Many expats find it cheaper to sell the UK car and buy locally.
First-Year Setup Costs
NIE/TIE paperwork, gestoría assistance, document translations, bank account setup — budget €2,000 - €5,000 for the first year of administrative costs, excluding the car.
The Tax Question
This is where it gets complicated — and where many people make expensive assumptions.
Spain's personal allowance is €5,550 (versus £12,570 in the UK). Spain starts taxing at 19% from the first euro above that. A UK retiree on £25,000 pays roughly 7% effective tax in the UK but could face 15-20% in Spain.

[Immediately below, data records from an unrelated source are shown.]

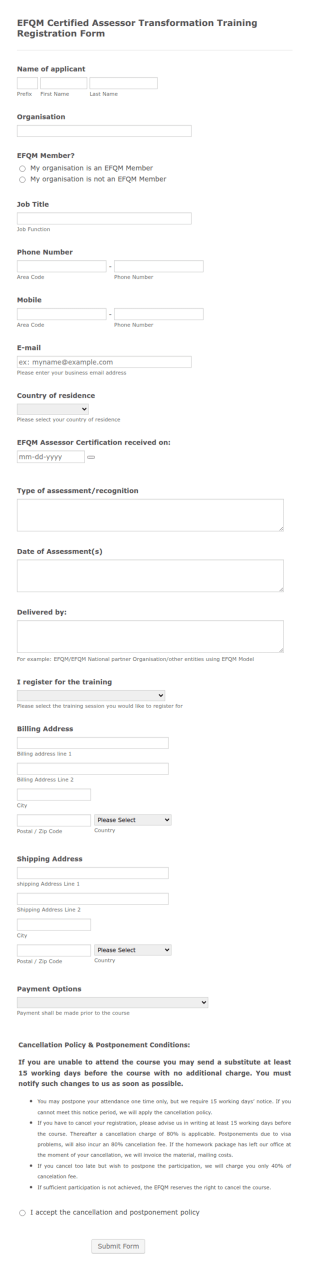 Certified Assessor Transformation Training Registration Form Template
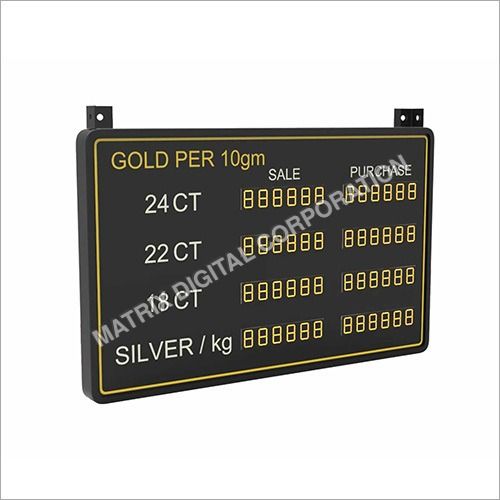 Jewelers Rate Display Board Application: Commercial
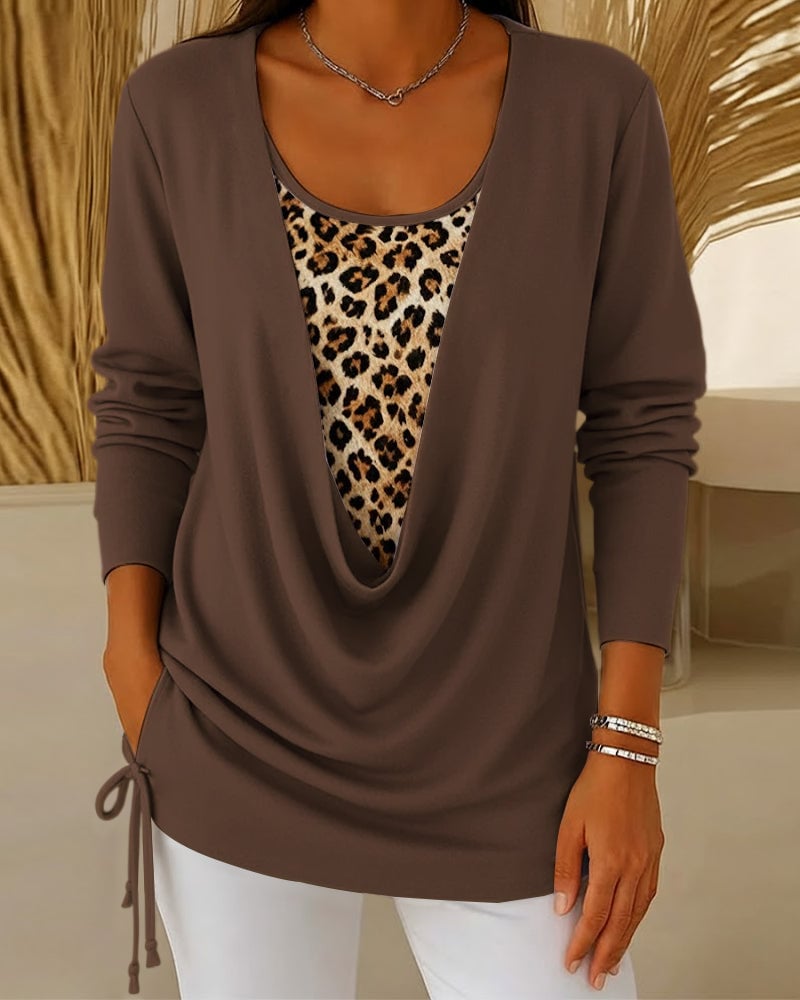 Top Met Luipaardprint En Vetersluiting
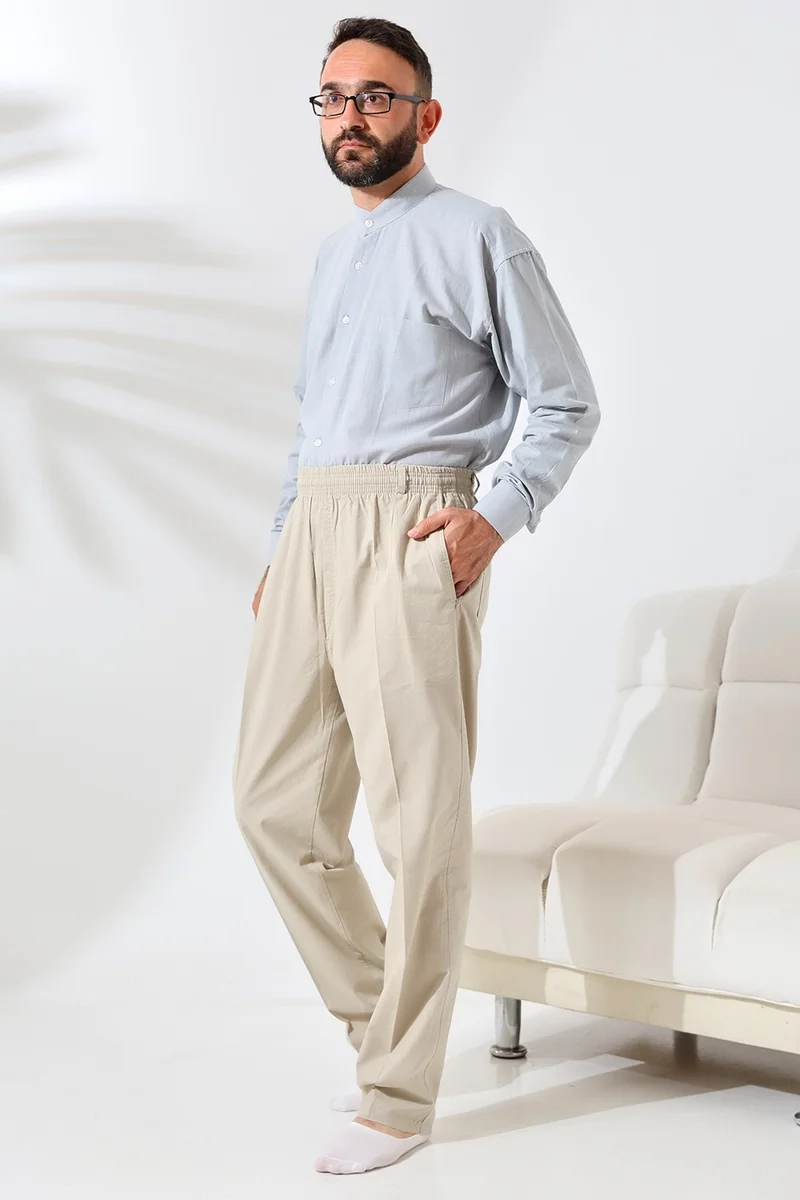 İhvan Online Ihvan Online Men's Cream Comfortable Cut Elastic Waist Linen Hajj and Umrah Shalwar Trousers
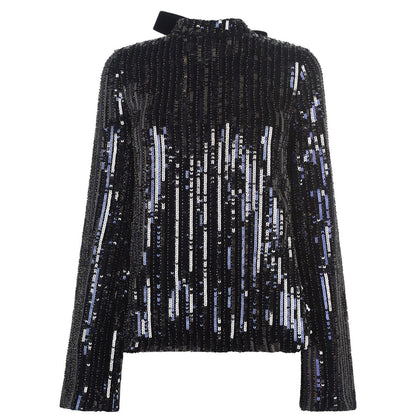 Metallic Silver - Front - Perserverance Womens-Ladies Sequin Long-Sleeved Blouse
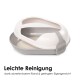 Katzenstreu-Box mit abnehmbarem Deckel, mit hellfarbiger Streu innen und einer Schaufel, beschriftet mit "Leichte Reinigung" auf Deutsch.
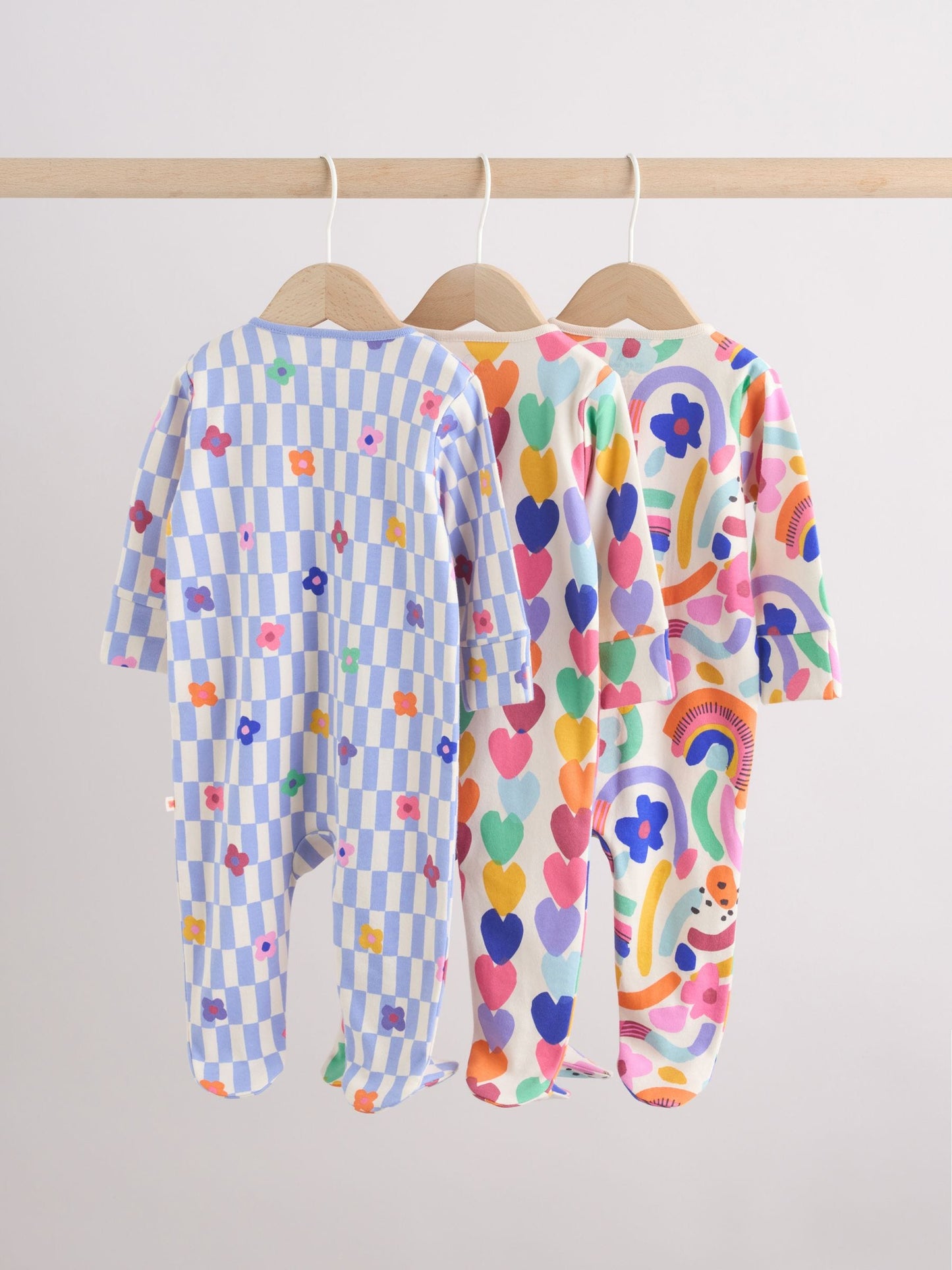 Bright Rainbow Two Way Zip Sleepsuits 3 Pack (0mths-2yrs) image 6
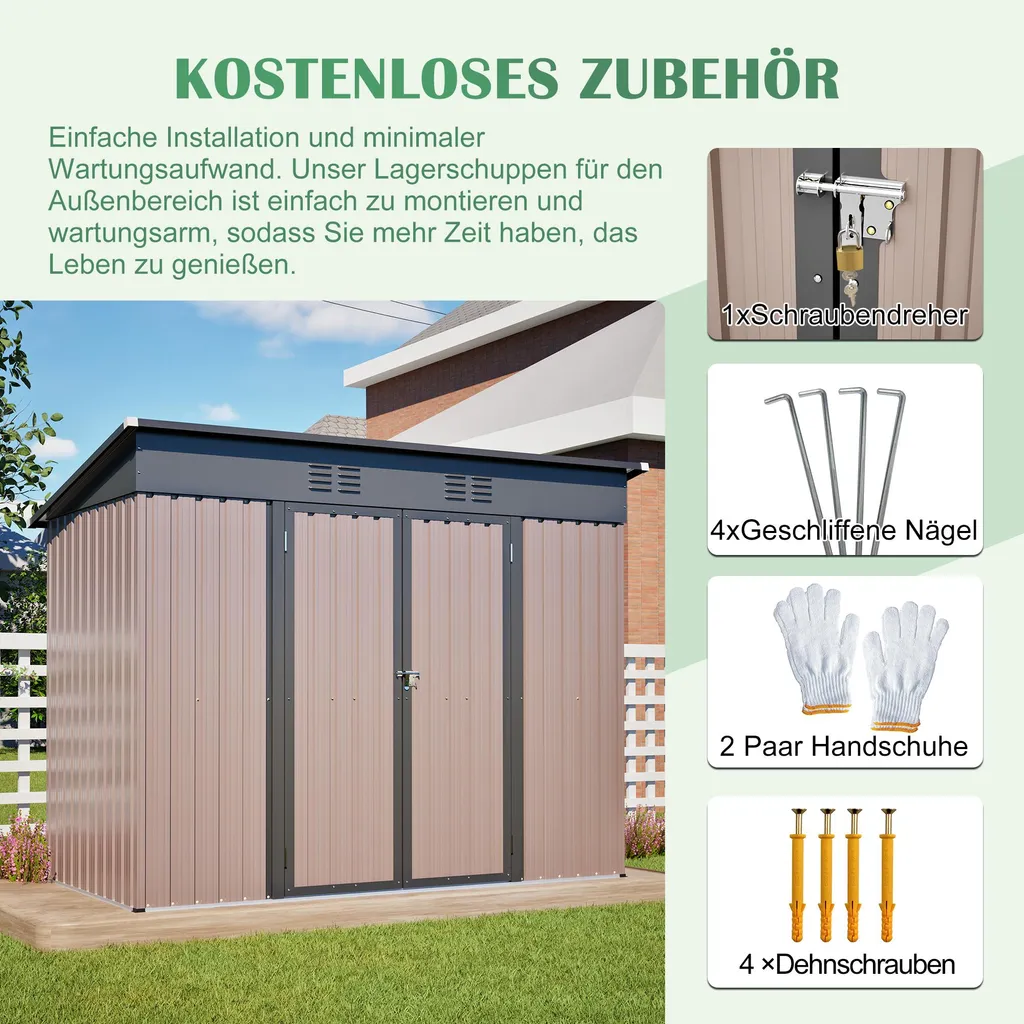 Abri de jardin 8x4 FT résistant aux intempéries avec base en métal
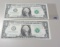 2 CONSECUTIVE $1 FRN 1988-A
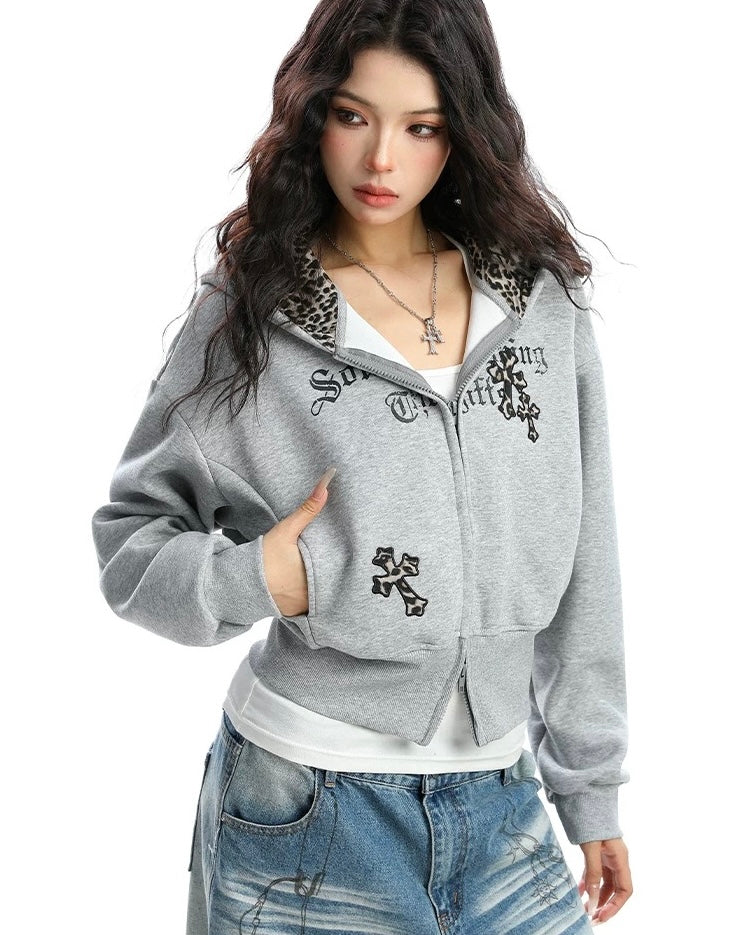 【評価★4.8以上／Tops】Leopard Lined Gothic Cross Zip Hoodie mry001904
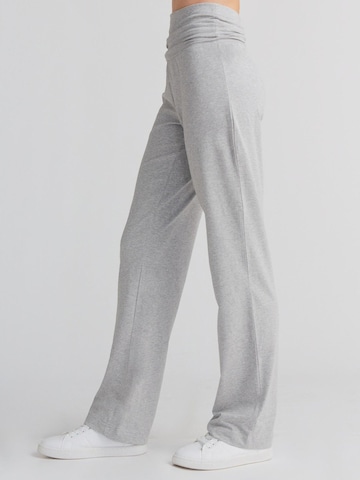 Leela COTTON Wide leg Pants 'Damen Bio-Baumwoll Komforthose' in Grey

Some specifics that matter:
- UK State Pension: Taxed only in Spain (not the UK) under the double taxation treaty. Subject to Spain's progressive rates.
- Private pensions: Same — taxed in Spain only.
- Civil service / government pensions: Taxed in the UK only. Teachers, NHS workers, police, and military keep their pension taxed at UK rates — a significant advantage.
- Beckham Law (remote workers): Flat 24% rate on income up to €600,000 for 6 years. Must not have been resident in Spain in the previous 5 years. Massive benefit for remote workers earning £40K+ from a UK employer.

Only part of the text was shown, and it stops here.